"Mad Men" rewrites "The Sopranos." Matthew Weiner asks this: "What if Tony and Carmela separate, but they never find their way to a reconciliation?"
The seeds of the Draper divorce are there in Season One. Betty needs to stage a birthday for her daughter, Sally; Betty is profoundly uncomfortable in her suburban world and in fact suffers from neurasthenia, to the extent that she has almost killed her children (near-victims of death-via-car-accident). Her husband's startling response is this: "I see all the wealth around you, and I think, come on, can she really be unhappy?"

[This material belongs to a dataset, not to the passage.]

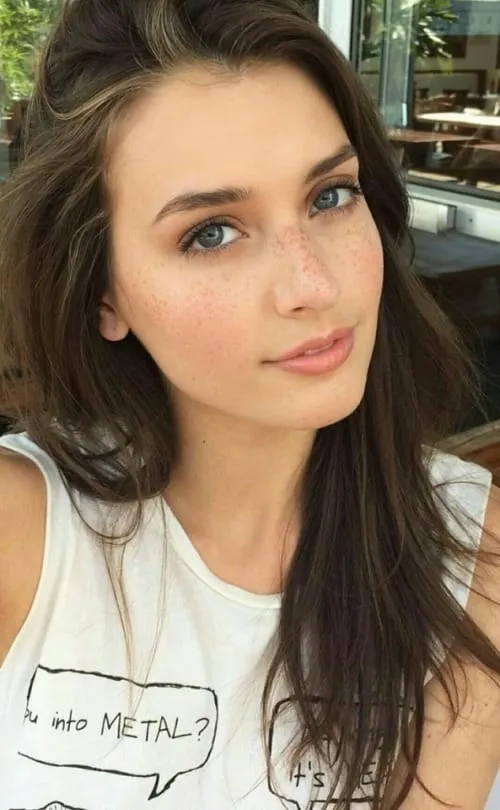 Mélody, 24 ans — rencontre sexe à Brest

Don--a man--is basically useless with the birthday party. Betty asks him to build a playhouse in secret, but he can't be bothered to do the work of concealment, so Sally learns very quickly about what she will be getting. ("Don't tell your mother. Now get me a beer.") Don later inflates his daughter's expectations by suggesting she might receive a pony. (This fatherly misstep is shocking to me.) Finally, Don fails--and fails--and fails--to pick up Sally's birthday cake. He instead flirts with an unattached neighbor. We see Betty spiraling beneath her facade.

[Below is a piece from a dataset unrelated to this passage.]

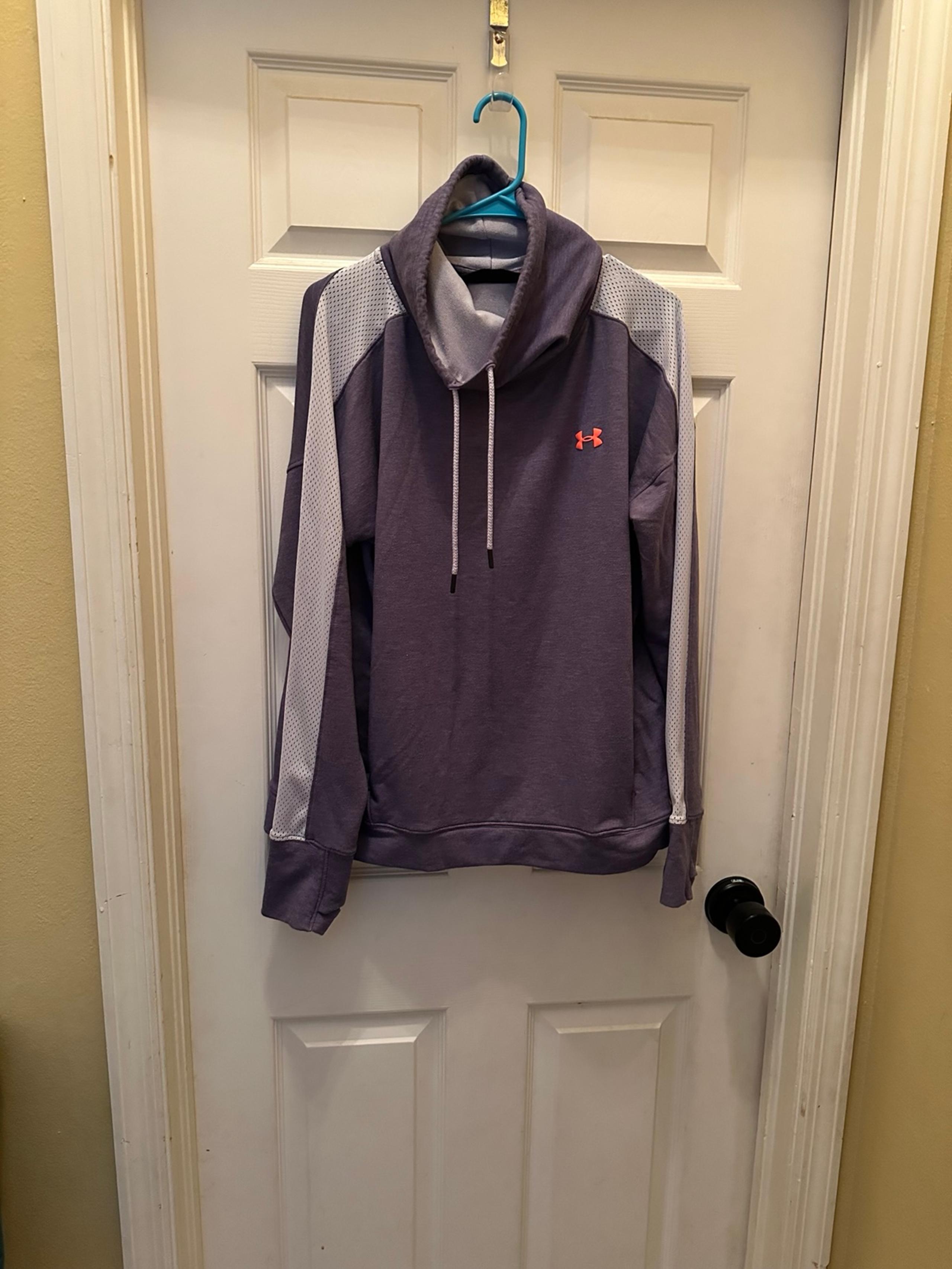 Under Armour sweatshirt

This script, "The Marriage of Figaro," is remarkable because it suggests a different kind of life, a life Betty will never pursue. As Betty squirms, she also observes Helen, a frenemy. Helen is unattached; she works full-time and raises two children on her own. She strolls through the neighborhood simply for the pleasure of strolling; the walks unnerve everyone in Ossining. Helen recognizes that some little things do not matter; if she didn't have time to find something other than holly/ivy wrapping paper for a springtime birthday, it's not the end of the world. Helen is notably silent during a lengthy discussion about whether Florida is "too Jewish" for a vacation. For her own honeymoon, she traveled to Paris. She doesn't need to brag about that.
By the end of the hour, we can sense that Betty is already bringing down the curtain on this phase of her life. (The official separation will get finalized, or semi-finalized, in Season Three.) The truth seeps out via Freudian slips, indirect comments--as in actual life. Betty goes to bed in a rage. We know this only because her face has become a mask; her lips are tightly sealed.
While Betty is a version of Carmela, Helen stands in for Angie Bonpensierro, who was so memorable in several episodes of "The Sopranos." It's also worth noting Weiner's "David Chase-adjacent" love of cars--as engines of plot, romantic bowers, death traps. Sondheim emerged from the shadow of Oscar Hammerstein; Weiner cuts an umbilical cord and takes over from David Chase.